Performance of Buyout Funds – September 2013

by Claire McNeil

  • 07 May 2014
  • PE

Buyout funds accounted for almost two-fifths (38%) of the private equity industry’s assets under management as of September 2013, and notably, represent the same percentage for dry powder and residual value also. 

In the year to September 2013, buyout funds’ net asset values (NAV) increased by 12.6% on average, equivalent to a weighted figure of +14.8%, and thus indicating that larger funds performed slightly better on average than their smaller counterparts. In fact, mega buyout funds significantly outperformed large, mid and small buyout funds in the year to September 2013, in terms of change in NAV. Mega buyout funds witnessed a 17.3% increase, followed by large (+11.7%), mid (+11.7%) and small (+10.0%). Mega buyout funds also saw a greater change than the other three fund sizes in the year to December, March and June 2013. 
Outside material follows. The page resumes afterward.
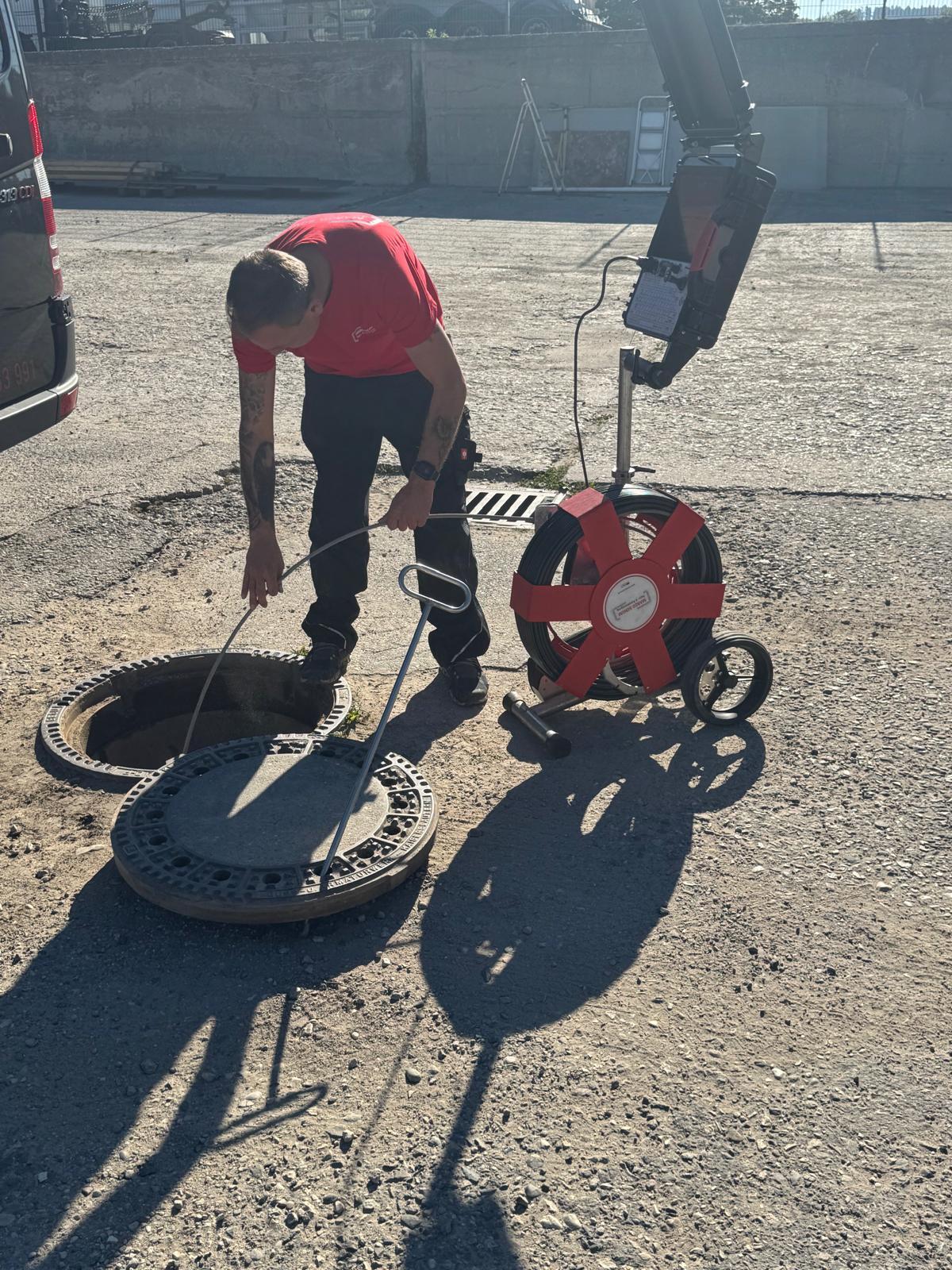 Kanal- & Leitungsortung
Preqin’s Performance Analyst online service shows that of all geographies, the average change in NAV in the year to September 2013 was greatest in US-focused funds (+13.8%). Mega buyout funds focused on the US saw an increase in NAV of 20.7%, compared with a 12.3% increase for Europe-focused mega buyout vehicles. Of buyout funds predominantly targeting European investment opportunities, mid buyout funds saw the greatest increase, of 14.7%, closely followed by large (+12.8%), mega (+12.3%) and small (+10%). Buyout funds with a focus outside Europe and US saw far smaller changes, large 9.3%, mid -4.1% and small -0.6%, representing a 2.7% increase for funds focused outside Europe and US overall. 
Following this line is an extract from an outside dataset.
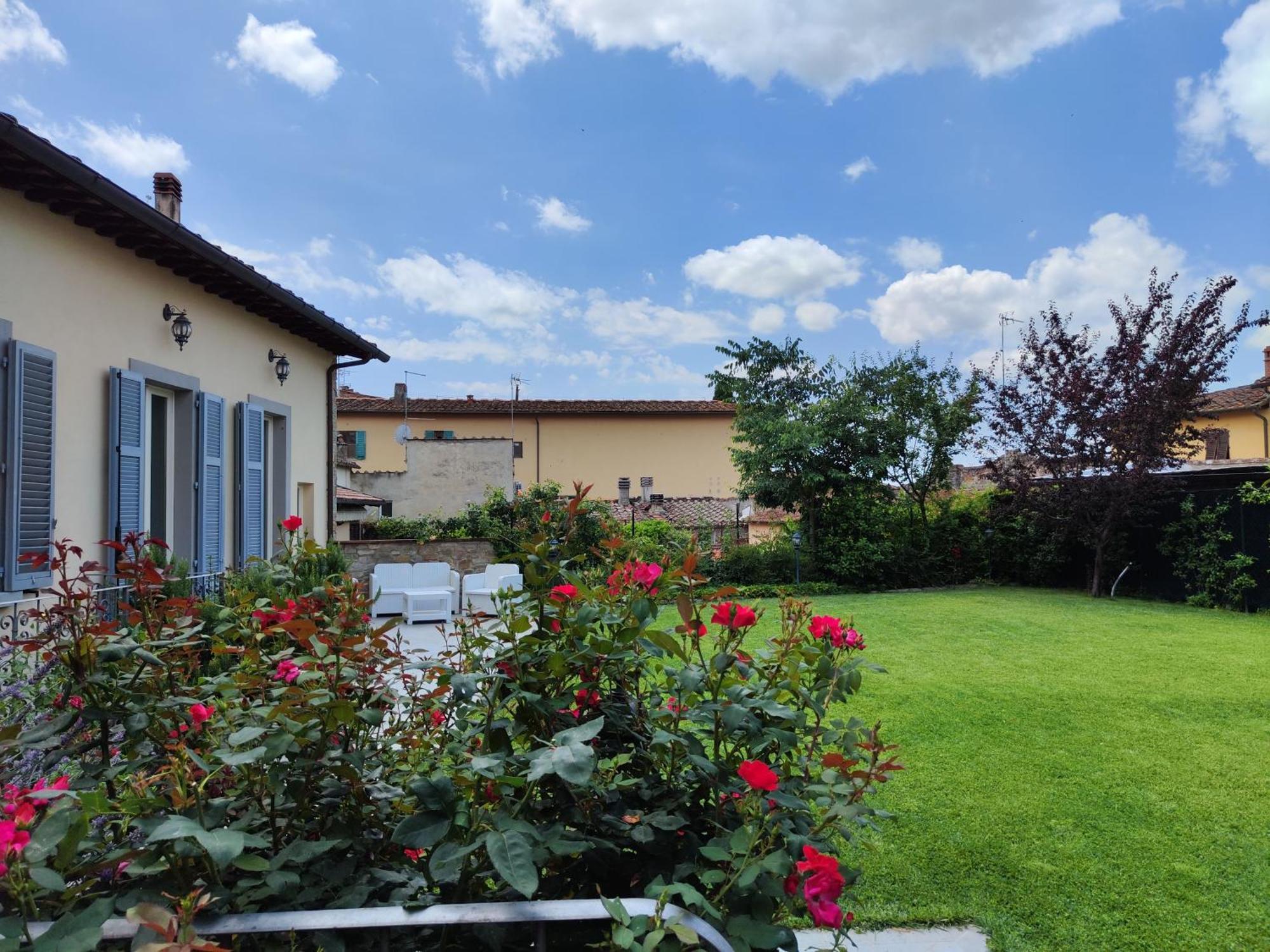 Casa Di Pietro Aretino, Arezzo Centro Storico 4-8 Letti 아파트 외부 사진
Looking at the horizon returns of buyout funds, over the ten year horizon to June 2013, buyout funds outperform venture capital (+4.5%), fund of funds (+8.2%), mezzanine (+12.2%) and distressed private equity (+25%). Over the one- and five-years to June 2013, buyout funds were outperformed only by distressed private equity, but again are the greatest IRR over the three year horizon. 
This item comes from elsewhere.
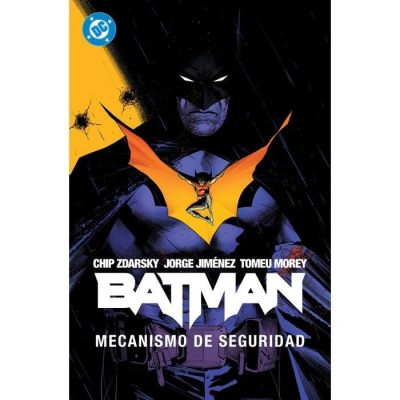 DC Premiere 2. Amanecer de DC. Batman 1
The PrEQIn Index (rebased to 100 as of Q4 2000) also shows a positive outlook for buyout funds with the index having risen in every quarter since Q2 2011, and exceeded only by real estate (until Q3 2009) and distressed private equity (to date) since the index’s inception. The buyout index has also outperformed the S&P 500 index since 2000. Specifically in 2013, the buyout index stands at 330.4, compared to 127.4 for the S&P 500 index, and it is notable that both points are maximum levels the respective indices have reached.